T.S. Eliot’s “The Love Song of J. Alfred Prufrock” contains some of the most unforgettable images in modern poetry: the “pair of ragged claws / Scuttling across the floors of silent seas”; the yellow fog that “rubs its back upon the window panes”; the evening “spread out against the sky / Like a patient etherized upon a table.” The poem’s sudden juxtapositions disrupted and dismantled the staid poetic conventions of its time. Like his beloved metaphysical model John Donne, Eliot pushed the resources of literary language to their outer extremes, while still maintaining a respectful relationship with traditional form, deploying Shakespearean pentameter lines whose music is deceptive, since they are the vehicles of such strange, neurotic content.

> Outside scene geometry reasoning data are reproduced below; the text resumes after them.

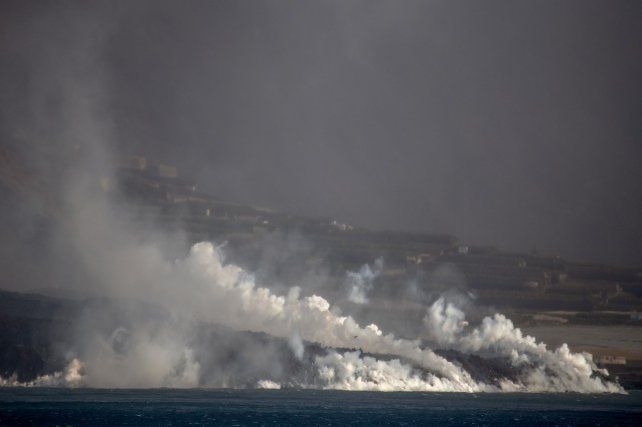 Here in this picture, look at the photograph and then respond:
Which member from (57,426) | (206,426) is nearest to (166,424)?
(206,426)

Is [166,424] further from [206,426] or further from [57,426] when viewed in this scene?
[57,426]

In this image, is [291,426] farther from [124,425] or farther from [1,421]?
[1,421]

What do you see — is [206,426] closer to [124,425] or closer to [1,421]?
[124,425]

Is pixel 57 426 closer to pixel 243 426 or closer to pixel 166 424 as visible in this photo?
pixel 166 424

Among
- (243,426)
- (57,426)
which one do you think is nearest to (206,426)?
(243,426)

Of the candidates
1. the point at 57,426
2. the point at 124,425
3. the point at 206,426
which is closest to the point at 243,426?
the point at 206,426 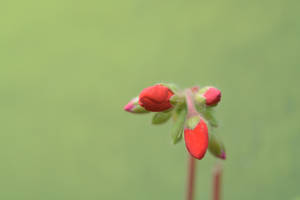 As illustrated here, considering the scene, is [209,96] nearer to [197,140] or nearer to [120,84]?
[197,140]

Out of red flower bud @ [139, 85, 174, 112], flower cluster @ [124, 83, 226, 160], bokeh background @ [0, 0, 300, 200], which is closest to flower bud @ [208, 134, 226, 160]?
flower cluster @ [124, 83, 226, 160]

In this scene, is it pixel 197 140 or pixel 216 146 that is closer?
pixel 197 140

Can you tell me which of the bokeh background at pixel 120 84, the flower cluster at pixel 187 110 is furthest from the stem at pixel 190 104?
the bokeh background at pixel 120 84

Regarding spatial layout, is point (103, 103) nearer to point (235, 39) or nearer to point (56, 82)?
point (56, 82)

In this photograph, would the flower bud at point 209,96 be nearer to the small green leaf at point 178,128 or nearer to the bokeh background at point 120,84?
the small green leaf at point 178,128

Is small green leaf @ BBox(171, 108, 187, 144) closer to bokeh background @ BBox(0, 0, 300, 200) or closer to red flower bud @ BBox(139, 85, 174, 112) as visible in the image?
red flower bud @ BBox(139, 85, 174, 112)

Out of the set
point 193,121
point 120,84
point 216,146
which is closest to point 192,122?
point 193,121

"Prufrock," first published in 1915 in Poetry magazine—at the instigation of literary impresario Ezra Pound—caused a shock at its first appearance. Students today are apt to remember it as a bewildering swirl of references—to Dante, the Bible, Shakespeare—and as sardonic commentary on what Eliot saw as the profoundly enervated and impotent condition of modern man (and of himself). It is a daunting study, to be sure, but the poem’s first readers and critics tended to dismiss it as either shockingly anarchic or trivial and meandering.

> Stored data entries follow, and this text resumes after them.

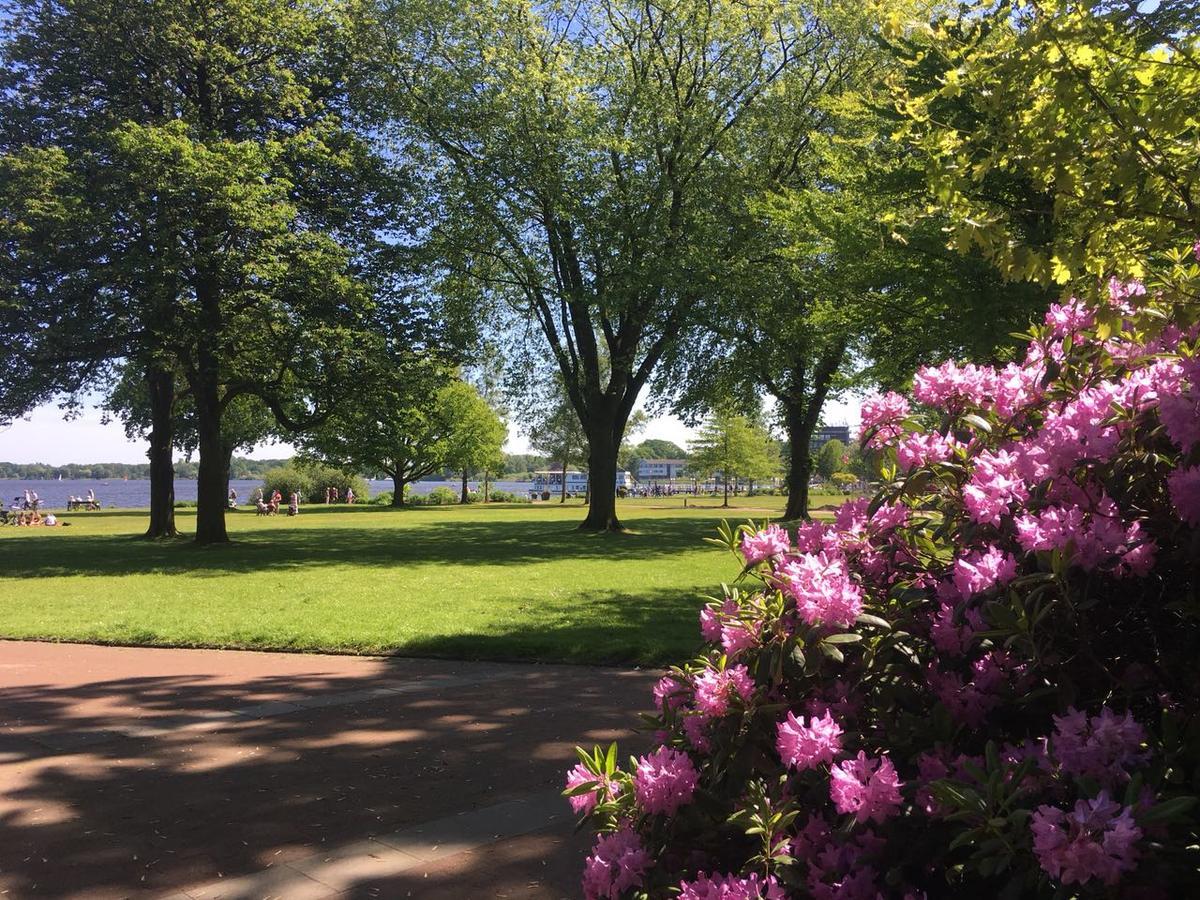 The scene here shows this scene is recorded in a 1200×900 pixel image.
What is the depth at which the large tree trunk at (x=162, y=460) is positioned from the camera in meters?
26.6

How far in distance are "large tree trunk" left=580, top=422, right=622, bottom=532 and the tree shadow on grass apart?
828 millimetres

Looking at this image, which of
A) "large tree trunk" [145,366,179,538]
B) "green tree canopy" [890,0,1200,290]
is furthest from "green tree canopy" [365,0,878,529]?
"green tree canopy" [890,0,1200,290]

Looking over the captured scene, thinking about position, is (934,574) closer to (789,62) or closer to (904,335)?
(904,335)

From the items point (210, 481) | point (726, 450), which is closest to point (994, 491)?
point (210, 481)

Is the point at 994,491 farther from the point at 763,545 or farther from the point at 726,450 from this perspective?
the point at 726,450

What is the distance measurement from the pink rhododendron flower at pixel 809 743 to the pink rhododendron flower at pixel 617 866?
0.43 m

By 1947, “Prufrock” was recognized as a modernist classic, and Harvard University recorded Eliot reading the poem (above). His thin voice may not carry the weight of the poem’s dense allusive grandeur, so we have Anthony Hopkins at the top of the post reading "Prufrock" as well. Hopkins seems to rush through the poem a bit, capturing, perhaps, the nervous energy of its title character’s psychic anguish.